Task ▸ Word for word, repeat the data that follows. Do not include the pictures.

Given material ▸
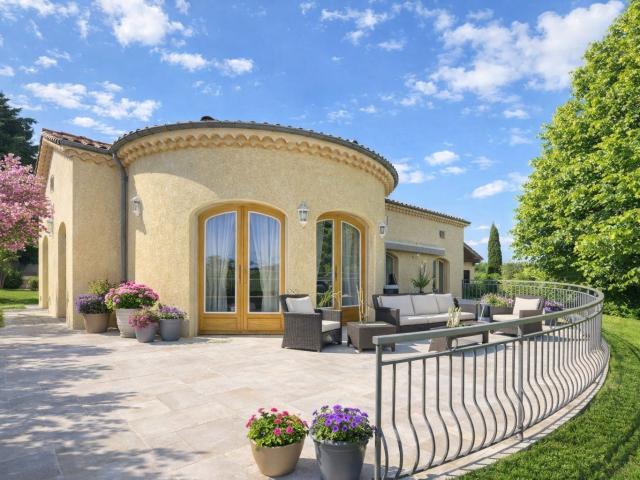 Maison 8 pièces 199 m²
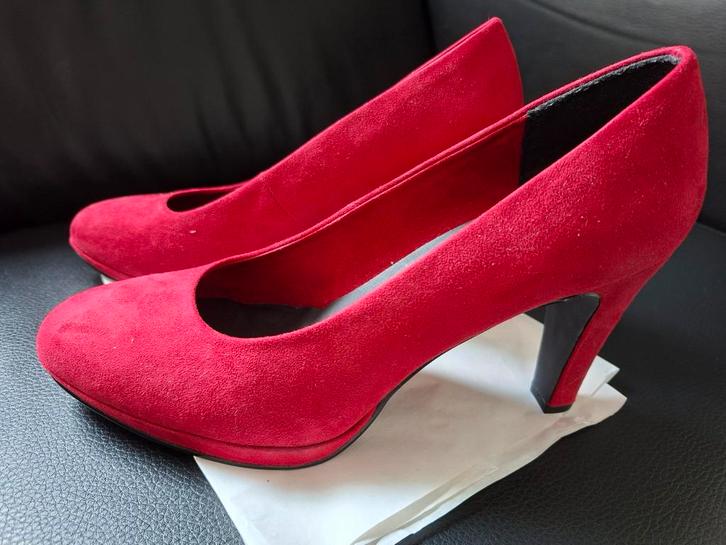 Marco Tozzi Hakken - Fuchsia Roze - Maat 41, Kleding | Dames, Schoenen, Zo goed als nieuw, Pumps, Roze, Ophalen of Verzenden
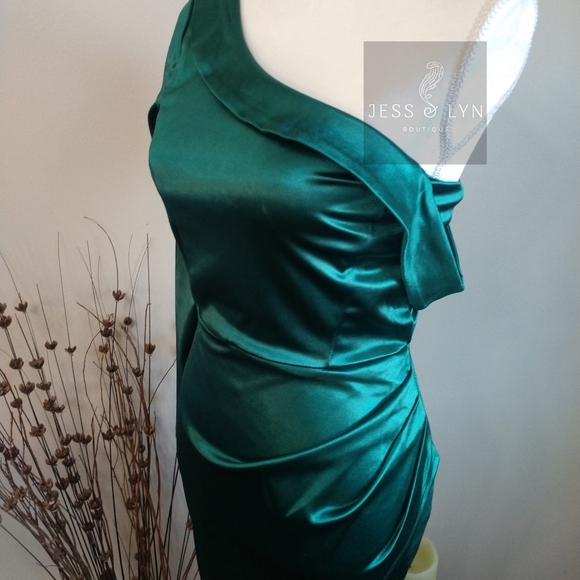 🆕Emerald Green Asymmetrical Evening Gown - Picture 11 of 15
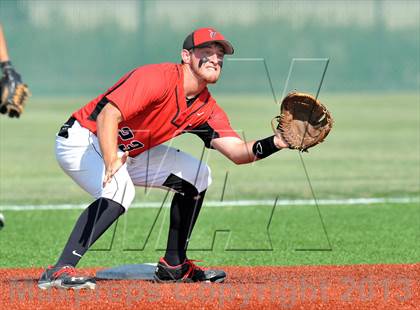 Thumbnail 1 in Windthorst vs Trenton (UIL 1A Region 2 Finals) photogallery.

Finished task ▸
 Maison 8 pièces 199 m²
 Marco Tozzi Hakken - Fuchsia Roze - Maat 41, Kleding | Dames, Schoenen, Zo goed als nieuw, Pumps, Roze, Ophalen of Verzenden
 🆕Emerald Green Asymmetrical Evening Gown - Picture 11 of 15
 Thumbnail 1 in Windthorst vs Trenton (UIL 1A Region 2 Finals) photogallery.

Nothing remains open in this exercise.